Oh, you fool, Richards berated himself.
“Your number one priority is to find out how that fucking thing jumped our firewall, got me?”
“Yessir.”
“I’ll be back at HQ in an hour. I want an answer by then.”
Richards’s hand was trembling as he cut the connection. He tried to calm himself, but his mind was racing so fast that gathering his thoughts was like trying to herd cats. Pushing back his chair, he got up and, on anxiety-stiffened legs, stalked to the closest window. He stood with his forehead pressed against the cool glass. He felt as if he were burning up with fever. It seemed to him now that he had leaped into the abyss without thinking anything through, without any understanding of his capacity to bear up under a life dominated by mendacity and duplicity.
With a barely audible moan, he lurched away from the window and stumbled back to his desk. He now had what seemed an impossible deadline. Anderson would be back in less than an hour. By that time, he needed to understand his situation and find a way out.
Back at his desk, he ran his hands through his hair while he stared at the screen.
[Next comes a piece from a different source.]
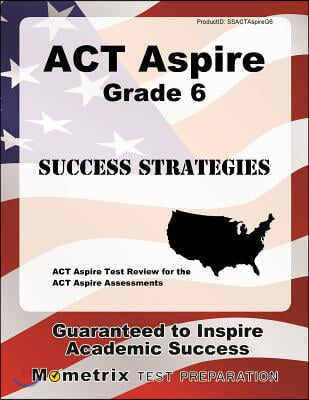 ACT Aspire Grade 6 Success Strategies Study Guide: ACT Aspire Test Review for the ACT Aspire Assessments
What was wrong? There was the most minute lag between his pressing the keys and seeing the code on the screen. Changing screens, he checked the hardware through the Control Panel, but no recent additions had been made. Device Manager produced the same results. But when he checked the computer’s CPU usage, he saw an unusual spike upward that dated back to the time he had started working. He felt a sudden rush of blood to his head. API based keyloggers added to the CPU usage as they polled and recorded each keystroke.
That bastard Anderson, Richards thought fiercely. He had an API based keylogger inserted into the software, which picked up every keystroke Richards made. The whole thing was premeditated, a setup. But how? There was only one answer: Peter Marks. Marks had betrayed him, had had no faith that he might give Tom Brick up to Treadstone.
A great rage filled Richards. He shook with the force of it. He looked one last time at the screen of incomplete virus code and thought: Fuck it. Fuck him. Fuck them all.
Without another thought, he disabled the keylogger software and continued with his code, working without even seeming to breathe. In the back of his mind, he prayed Anderson would show up early.
Almost fifty minutes later, six minutes before Anderson was due to arrive, Richards set the last section of the code in place. All he needed to do now was press the enter key and the virus would flood the onsite Treadstone servers, bringing down the entire network, freezing the communication channels, fouling the operating system itself.